Statistical analysis
This was a historical cohort study. The association between the primary and secondary exposures and incident HZ were assessed using Weibull regression models, with adjustment for possible confounders that were selected by using a directed acyclic graph approach, summarised in Supplementary Figure S1. The models included sex, age, BMI, ethnicity, smoking status, drinking frequency, IMD scores, UK Biobank assessment centre region, vitamin D testing seasons, underlying comorbidities, and immunosuppression, which are described in Supplementary Box S3.

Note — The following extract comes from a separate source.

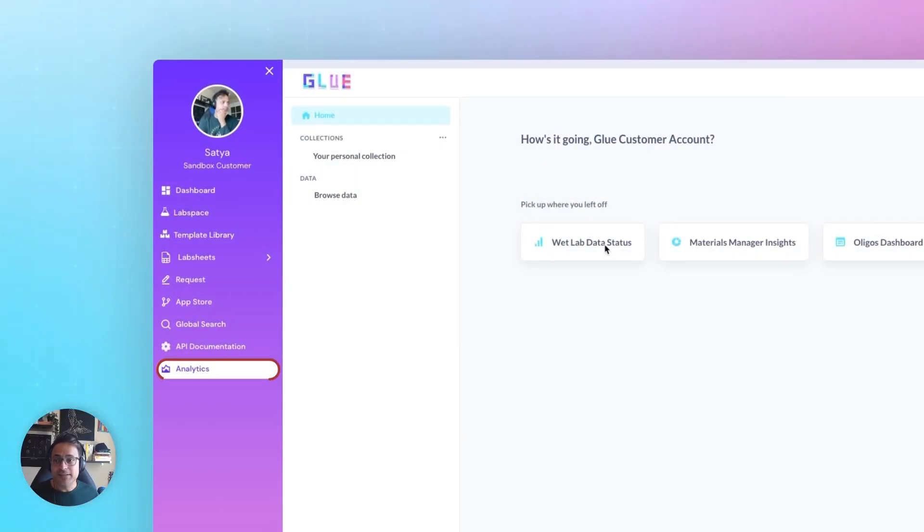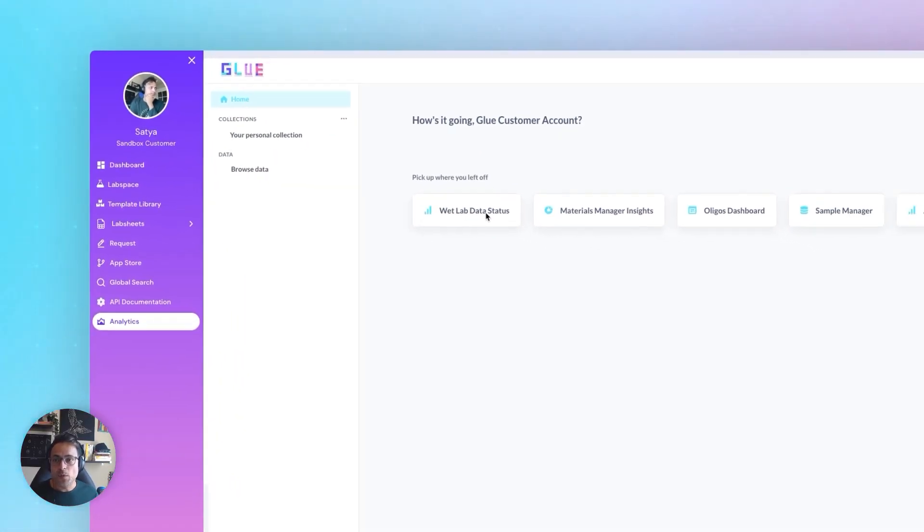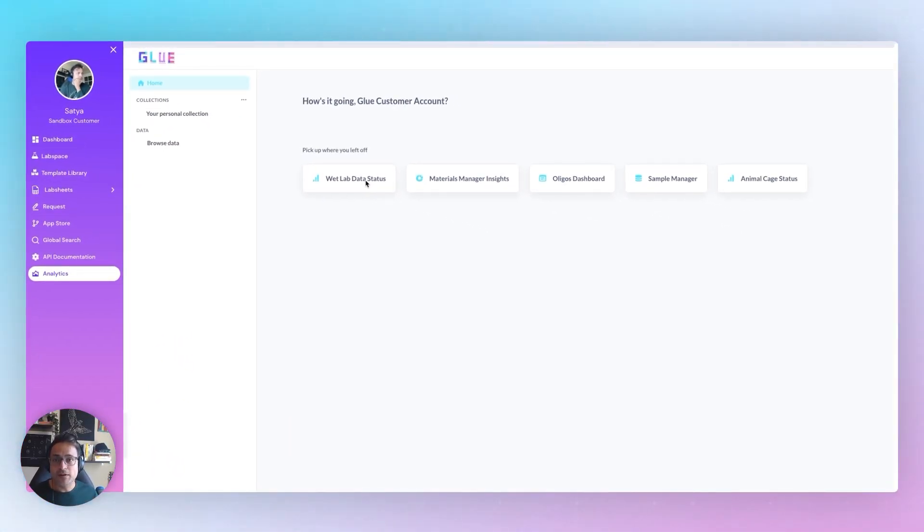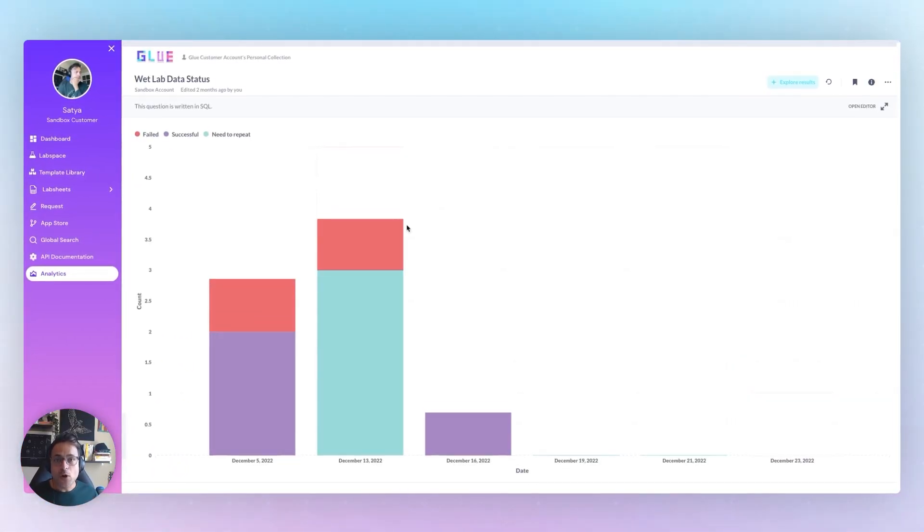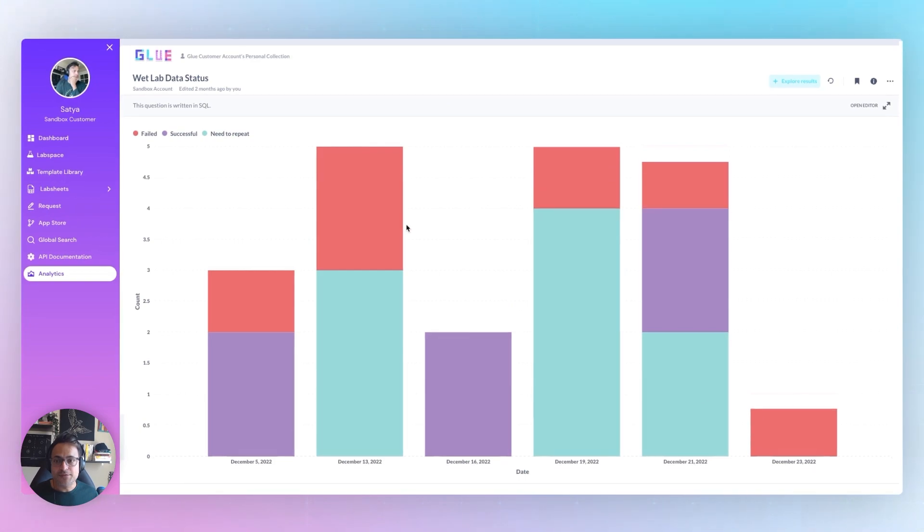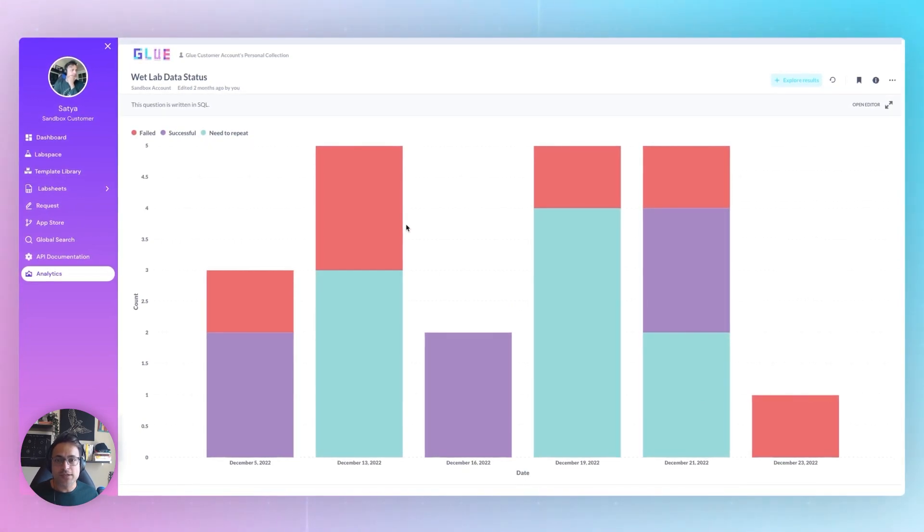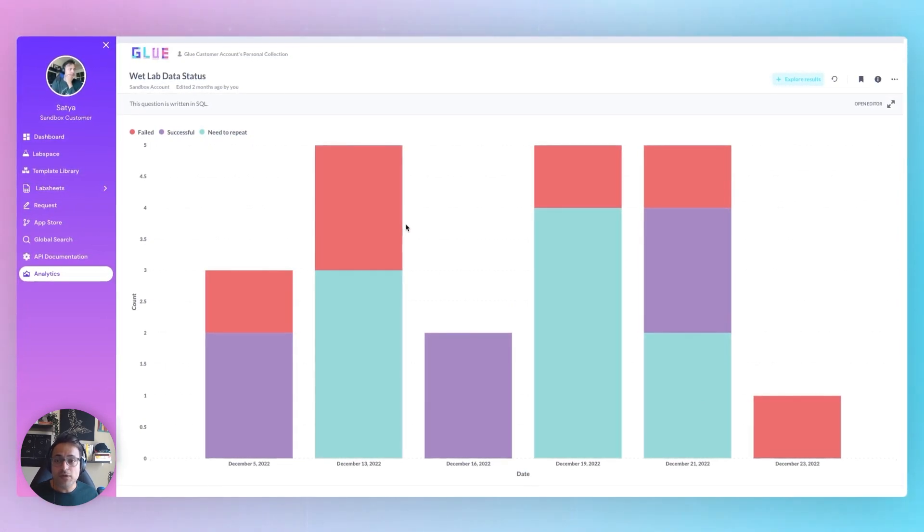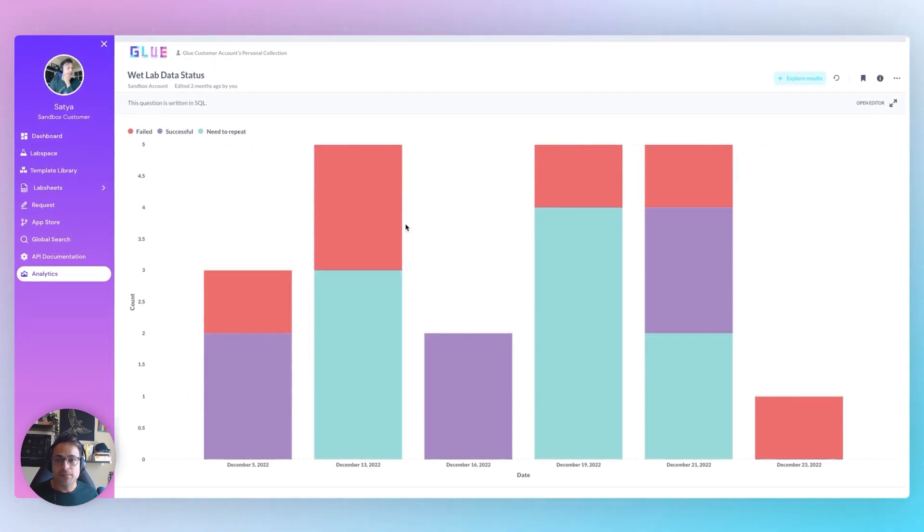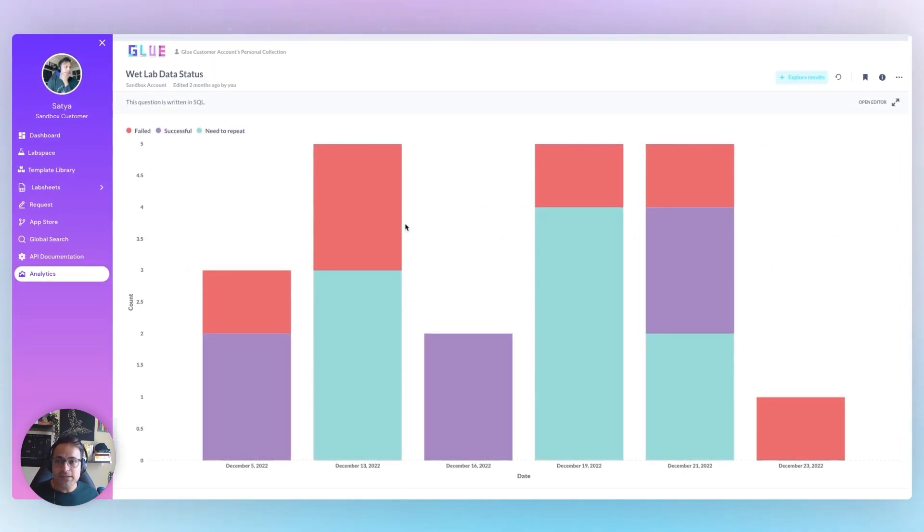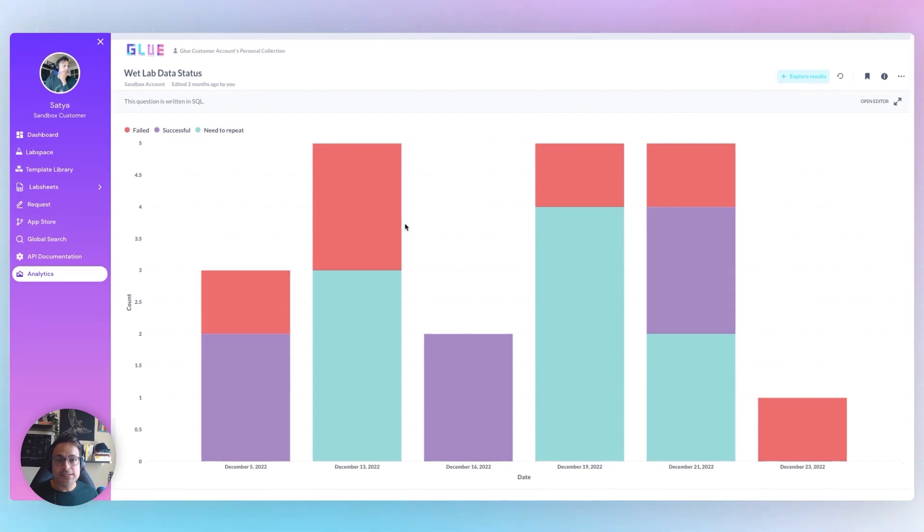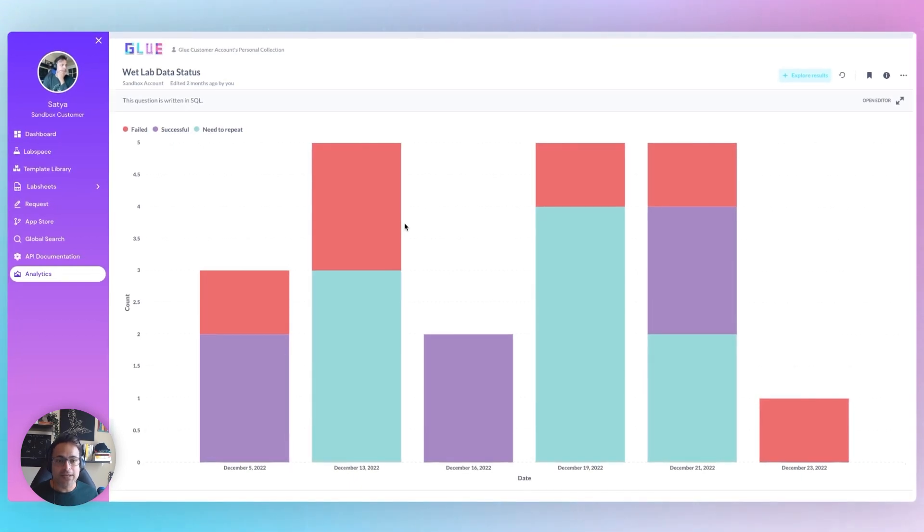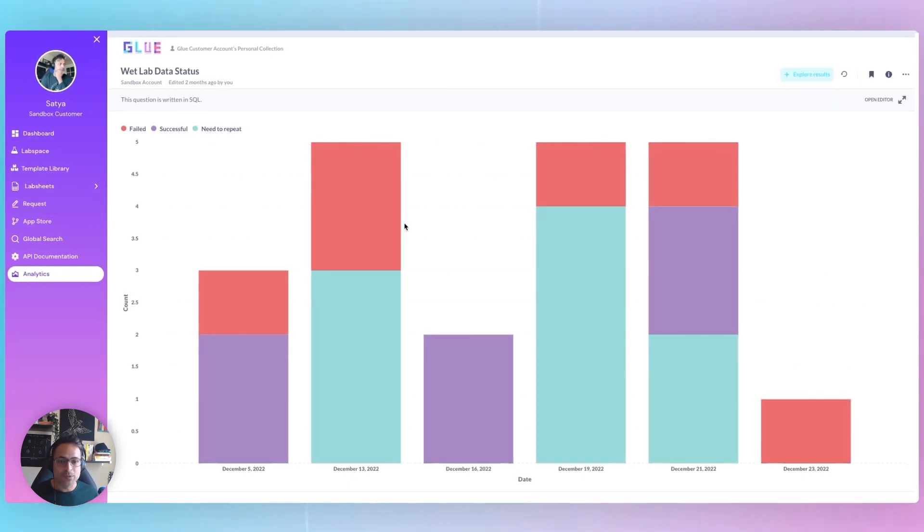And finally, there's analytics, where you can prepare graphs on the data that you have saved within SciSpot without leaving the platform. And you can bring these graphs inside your dynamic lab spaces as well.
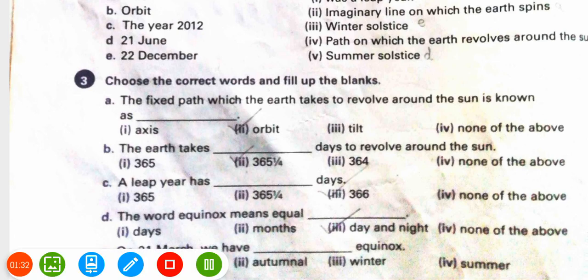Third exercise — choose the correct words and fill in the blanks. First: the fixed path which the earth takes to revolve around the sun is known as orbit. Second: the earth takes 365 and one-quarter days to revolve around the sun.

The number of participants with missing data was <3% across demographic and health-related factors; for self-reported vitamin D supplementation, however, 54.5% of data were missing. As the proportion of missingness in most demographic factors was low, and the chance of being a complete case was not dependent on the outcome, a complete-case analysis was performed that only included people without missing data in the models.20
All statistical analyses and plotting were performed using R statistical software (version 4.1.1).
Sensitivity analysis
Various sensitivity analyses were performed; the justifications/rationales are summarised in Supplementary Table S1. Records dating from after September 2013, when the vaccination programme was introduced, were excluded, and the effects of different covariate definitions were compared. To eliminate the potential effect of time-varying hazards, analyses were rerun using the Cox proportional hazards regression model. Poisson regression was also used, assuming baseline hazards are constant.
RESULTS
Study population
The study population selection process is outlined in Figure 2. A comparison of the included and excluded participants is summarised in Supplementary Table S2. The distribution of demographic factors was similar between the included and excluded participants, with the exception of assessment centre region: the proportions of people from Yorkshire and the Humber, Scotland, Wales, and East Midlands areas that were included in the analysis were far higher than those from other regions, while the proportions of those from the South East and South West were much lower.
After excluding people without vitamin D records, without clinical records, or with previous HZ episodes, 177 572 participants were included in the analysis. Of these, 6583 (3.7%) people died, 211 were lost to follow-up (0.1%), and 6616 (3.7%) had incident HZ diagnosis. Among the 6616 people with outcomes, more people had sufficient vitamin D levels (n = 2948, 45%) than those with insufficient (n = 2806, 42%) or deficient (n = 862, 13%) vitamin D. The proportion of missingness across demographic factors was <3%; 54.5% of self-reported vitamin D supplementations were missing (Supplementary Table S3).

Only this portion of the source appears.